# how affine connection follows from Two derivative operator

IN wald's GR book in chapter 3 This is stated behind the definition of affine connection :

First He showed that if we have two derivative operator $\nabla_a , \tilde\nabla_a$ (both of which consistent with the definition of derivative operator) then at point $p\in M$, for any dual vector field $\omega_b$

$$(\nabla_a - \tilde\nabla_a)\omega_b$$

will depend only on the value of $\omega_b$ at $p$. That is if $\omega_b^\prime=\omega_b$ at p then

$(\nabla_a - \tilde\nabla_a)\omega_b=(\nabla_a - \tilde\nabla_a)\omega_b^\prime$

Then he implied from above that at $p$, $(\nabla_a - \tilde\nabla_a)$ defines a $(1,2)$ tensor like

$$(\nabla_a - \tilde\nabla_a)\omega_b=C_{ab}^c\omega_c$$

I'm unable to see how his later assertion is connected to the earlier.

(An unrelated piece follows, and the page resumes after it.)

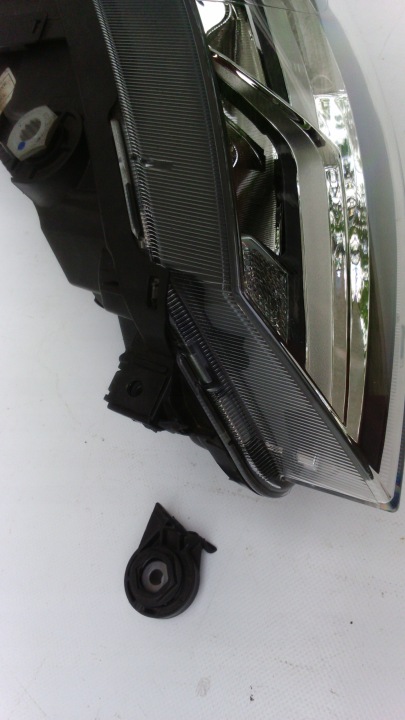 SEAT IBIZA V 6F1 LED PHARE GAUCHE AVANT 6F1941015A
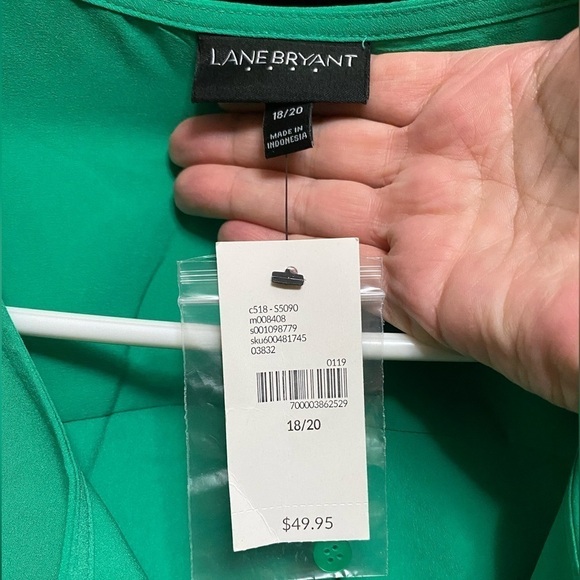 Lane Bryant-NWT 18/20 beautiful green blouse/tunic. V neck/roll sleeve. New! - Picture 10 of 10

Theorem. If $L: V \to V$ is a linear map from a finite dimensional vector space to the same space, there is a uniquely determined tensor $T \in V \otimes V^*$ such that induces $L$ as follows. If $v\in V$, $Lv$ is the contraction of the tensor product of $T$ and $v$ (the only possible contraction).
In our case, $V= T^*_pM$, with $p$ fixed, $L$ is the difference of the two covariant derivatives evaluated at $p$. Your second statement assures that $L$ is well defined as it, differently form each covariant derivative, depends on the value of its argument at $p$ and not on what happens in a neighborhood of $p$. Thus, the difference of the two derivatives at $p$ is a linear map in $T^*_pM$ with $p$ fixed. The tensor corresponding to that map in view of the quoted theorem is the mentioned tensor $C(p)$. Varying $p$ in $M$ you define a tensor field.